The aim of this study was to examine the pharmacokinetics of acemetacin and of its active metabolite, indomethacin, during the necrotic and regenerative processes occurring after the induction of acute hepatitis by CCl4 in the rat, a widely accepted experimental model of liver damage. They found that one day after CCl4 administration, liver necrosis was apparent and there was an increase in the circulating levels of indicators of liver damage and regeneration with regard to control conditions. By day 3, histological analysis revealed liver recovery, although not complete, while biochemical indicators of hepatic damage had reverted either totally or partially. Markers of liver regeneration were still increased. Bioavailability acemetacin and indomethacin was comparable to control values. The authors concluded that indomethacin bioavailability after oral administration of its precursor, acemetacin, is significantly reduced by acute hepatitis produced by CCl4. Pharmacokinetic alterations, as liver damage, are reversible, but do not require complete liver regeneration to return to basal conditions.

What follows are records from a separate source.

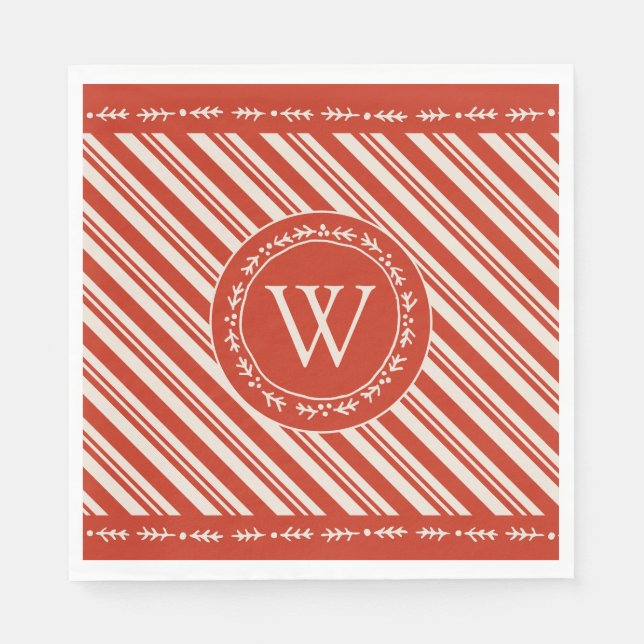 Monogram Candy Cane Stripe Napkin (Front)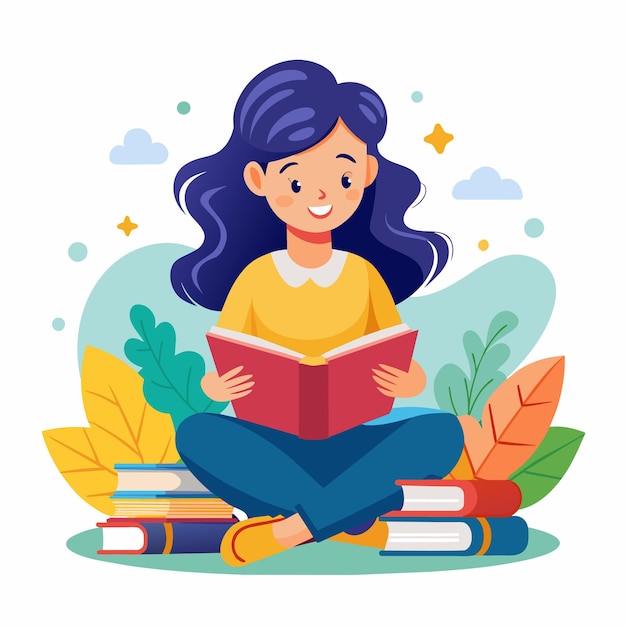 a cartoon illustration of a girl reading a book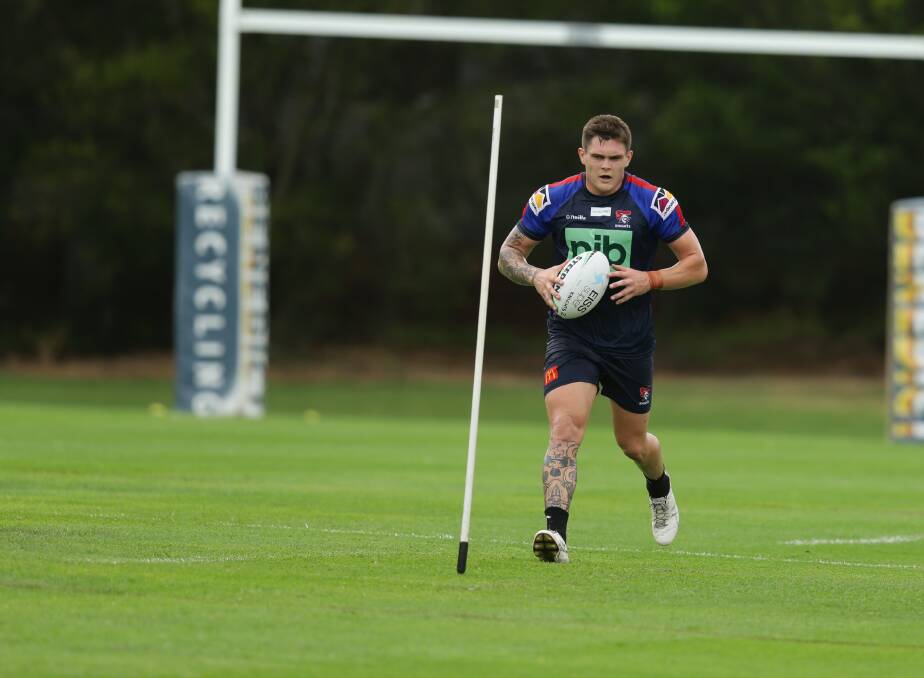 Brodie Jones at Knights training. Picture: Jonathan Carroll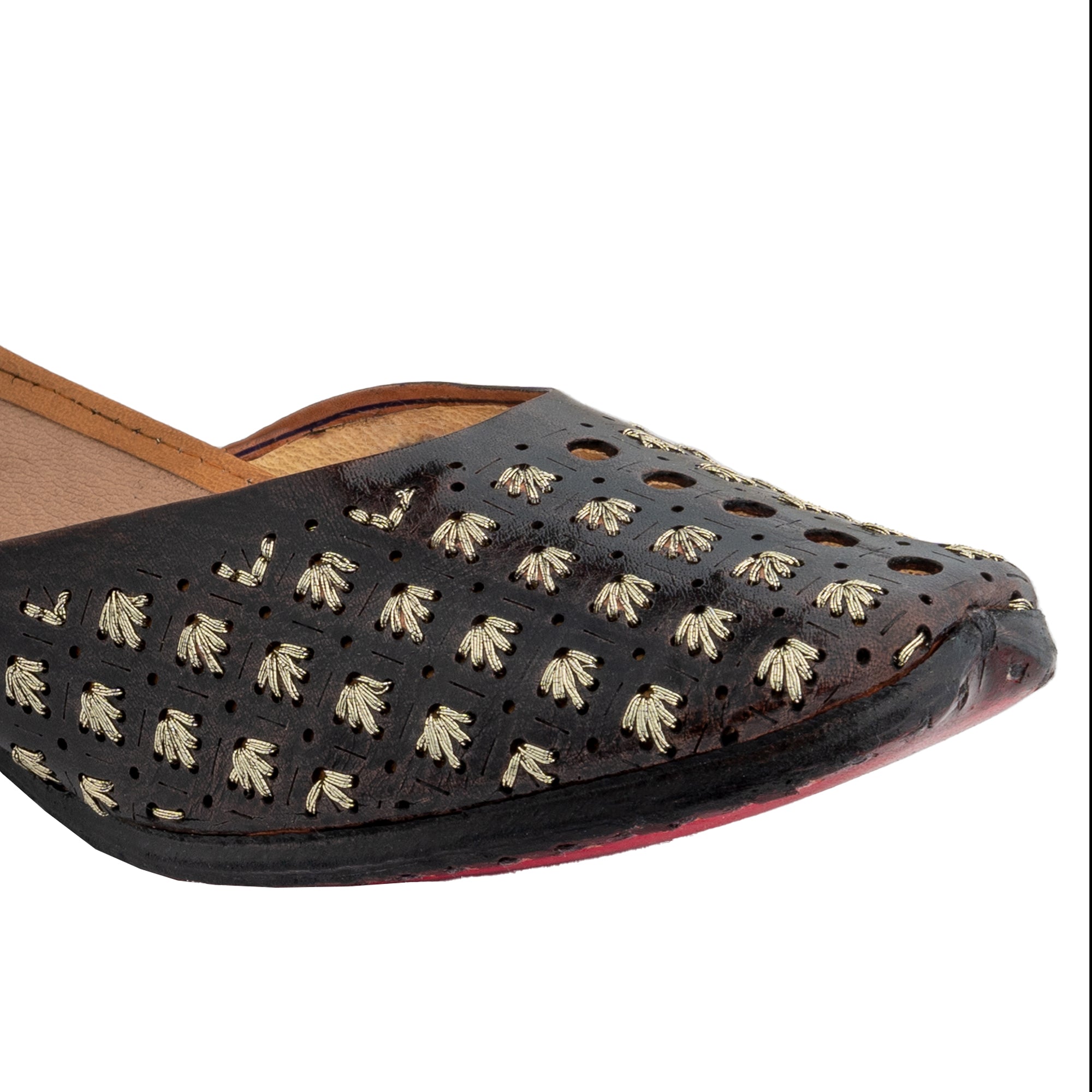 Black Starry Nights Women's Kolhapuri Leather Jutti 3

It is well assumed that hepatic damage results in alterations in drug disposition. Since the liver is the main site of drug biotransformation, it is anticipated that hepatic injury results in a reduction in metabolic clearance. Thus, the effect of liver damage should be particularly important for prodrugs being biotransformed to active metabolites by first-pass effect. It is anticipated that the bioavailability of the active metabolite should be significantly reduced. Notwithstanding, this view is an oversimplification. The effect of hepatic damage on drug disposition depends on the biopharmaceutical properties of each drug, the type of liver injury and the evolution of hepatic damage.

It should be considered that, in the case of acute damage, liver status is dynamic, as injury is followed by a regeneration phase. In this work we show that acute liver damage by CCl4 produces a significant alteration in the biotransformation of the prodrug acemetacin to its active metabolite, indomethacin, as expected. Changes in indomethacin bioavailability, however, reverted before the liver was completely regenerated. Hence, the biotransformation of acemetacin to indomethacin does not require an intact liver function. Moreover, biochemical and histological indicators of liver damage are not adequate predictors of pharmacokinetic alterations for drugs submitted to an extensive first-pass effect.

Subzero nonfreezing storage of rat hepatocytes using UW solution and 1,4-butanediol. II-functional testing on rewarming and gene expression of urea cycle enzymes byGuibert EE. et al.

In the present study the authors analyzed the viability and metabolic competence of isolated rat hepatocytes subjected first, to subzero nonfreezing storage (up to 120 h at -4 °C) in modified University of Wisconsin (UW) solution with 8 % 1,4-butanediol, and then to a normothermic rewarming step (KHR media, 37 °C, up to 120 min, carbogen atmosphere). The authors concluded that hepatocytes preserved under cold or subzero conditions up to 120 h followed by 60 min of rewarming, maintain UC enzymes at levels similar to freshly isolated hepatocytes, allowing their use in bioartificial liver devices.

It has been hypothesized that cold preservation at subzero nonfreezing storage of hepatocytes maintain the hepatocytes viability and metabolic functions during the rewarming period, and/or and if it is able to maintain the gene expression of the urea enzymes Carbamyl phosphate synthetase I and Ornithine transcarbamylase during this step. The results presented in the current study propose that the cold subzero stored rat hepatocytes during 120 h are able to maintain the viability and metabolic functions after 120 min of rewarming. Also, these data indicates that the hepatocytes cold subzero stored and rewarmed, maintain Urea cycle enzymes at levels similar to freshly isolated hepatocytes. Rat hepatocytes, stored in these conditions have the capacity to maintain liver specific functions even after 120 h of cold storage.